Prior to the brother’s arrest, both he and his sister insisted that a haunted mirror murdered their parents. No one believes them, naturally.
While the brother grows up in a mental ward, his doctors convince him that he imagined everything he remembers about the supposedly haunted mirror.
The sister (now 23 years old) hunts down the mirror, more-or-less steals it from the auction house at which she and her fiancé work, moves the mirror to her childhood home (still in her ownership), and awaits her brother’s release.
The sister surrounds the mirror with cameras and computers that try a little too hard to advertise Apple. She intends, with her brother’s help, to prove once and for all that the evil entity inside the mirror killed her parents.
Her brother argues that both of them invented the mirror’s paranormal resident. He argues from the side of logic. She argues from the side of intuition (gender roles, anyone?).
The movie’s writers make it clear from the get-go that the mirror is, indeed, haunted. However, it might’ve proven more interesting to actually call into question which of the siblings properly recalled the events that led to their parents’ demises.
Did the brother convince himself that nothing supernatural happened as a defense mechanism, or did the sister convince herself of the supernatural entity for the same reason? Even when the creepy, paranormal stuff started, the writers could’ve elected to play it as, “Hey, did that really happen, or did the sister only think it did because she’s losing her mind?”
But, as I said, the movie made it clear fewer than five minutes into the movie which of the two siblings remembered events correctly.
Director Mike Flanagan tells the story’s past and present almost simultaneously. He switches back and forth, sometimes so rapidly that one scene (taking place in the present) bleeds right into a similar scene (from the past) only to flash cut back into the present.
The cinematography looks great. The camera sweeps through entire series of micro events while it weaves through the house that serves as the movie’s center stage. Said cinematography manages to look beautiful and skilled without calling attention to itself.
Heck, even most of the acting proves pretty impressive. How rare is that for horror?
The setting makes the fantasy movie, and the villain makes the horror. Oculus proves no different. Its audience will feel its villain right in its guts. Oculus’s villain is misunderstanding, confusion, delusion, the unknown, the second-guessing at the crucial moments, and that nagging feeling that we don’t truly understand the crisis that faces us.

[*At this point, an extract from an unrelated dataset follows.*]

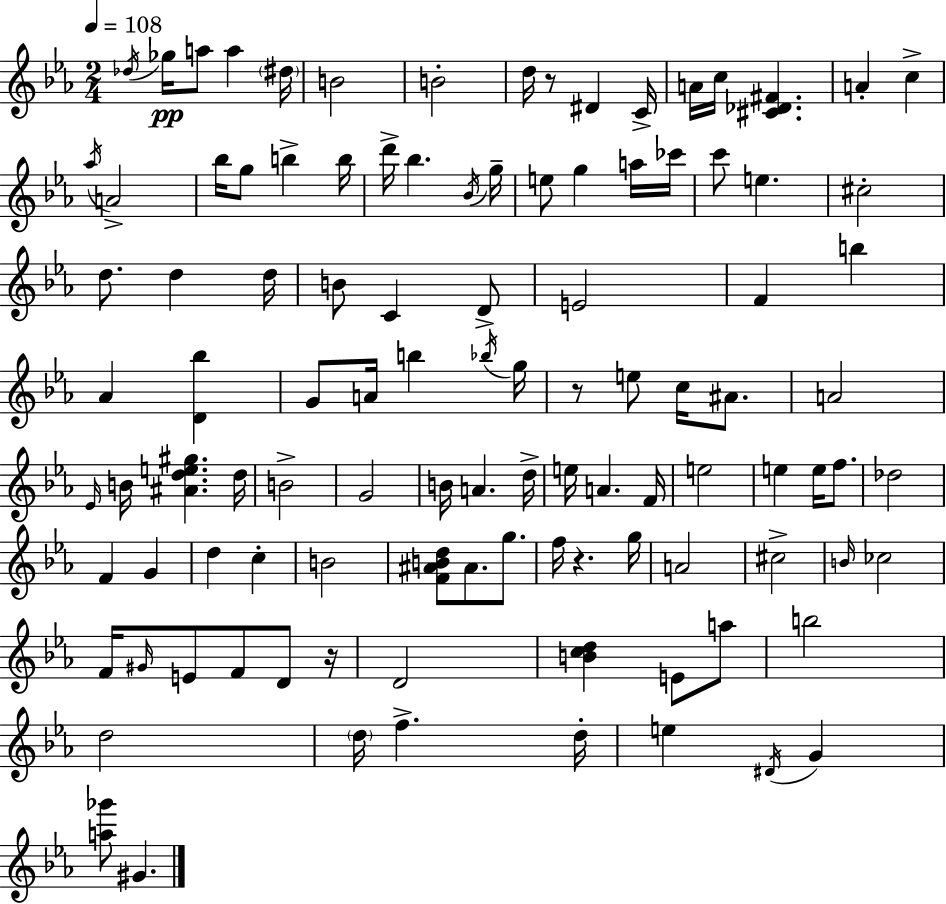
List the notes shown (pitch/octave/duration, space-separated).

Db5/s Gb5/s A5/e A5/q D#5/s B4/h B4/h D5/s R/e D#4/q C4/s A4/s C5/s [C#4,Db4,F#4]/q. A4/q C5/q Ab5/s A4/h Bb5/s G5/e B5/q B5/s D6/s Bb5/q. Bb4/s G5/s E5/e G5/q A5/s CES6/s C6/e E5/q. C#5/h D5/e. D5/q D5/s B4/e C4/q D4/e E4/h F4/q B5/q Ab4/q [D4,Bb5]/q G4/e A4/s B5/q Bb5/s G5/s R/e E5/e C5/s A#4/e. A4/h Eb4/s B4/s [A#4,D5,E5,G#5]/q. D5/s B4/h G4/h B4/s A4/q. D5/s E5/s A4/q. F4/s E5/h E5/q E5/s F5/e. Db5/h F4/q G4/q D5/q C5/q B4/h [F4,A#4,B4,D5]/e A#4/e. G5/e. F5/s R/q. G5/s A4/h C#5/h B4/s CES5/h F4/s G#4/s E4/e F4/e D4/e R/s D4/h [B4,C5,D5]/q E4/e A5/e B5/h D5/h D5/s F5/q. D5/s E5/q D#4/s G4/q [A5,Gb6]/e G#4/q.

These all serve as instinctual fears. When we can’t trust our senses, we experience a stomach-borne terror. We understand on some level that everything we perceive remains vulnerable to our biases (and the mental manipulations of those who whisper in our ears, who cannot help but repackage information so as to accomplish their own ends).
Oculus takes our build-in fears of manipulation, misleading information, and biases and (like Planeteers pointing together their rings) combines them to create an ultimate, terrifying demon.
This movie works very well. Again, I wish the writers had held their cards a little closer to their chests and left the audience wondering which of the two siblings maintained the correct memory of the events that led to their parents’ deaths, but I’m far removed from complaining with the results.

This movie is worth your time. Check it out.

(You can find Martin Wolt, Jr.'s novels on Kindle and his short fiction at martinwolt.blogspot.com)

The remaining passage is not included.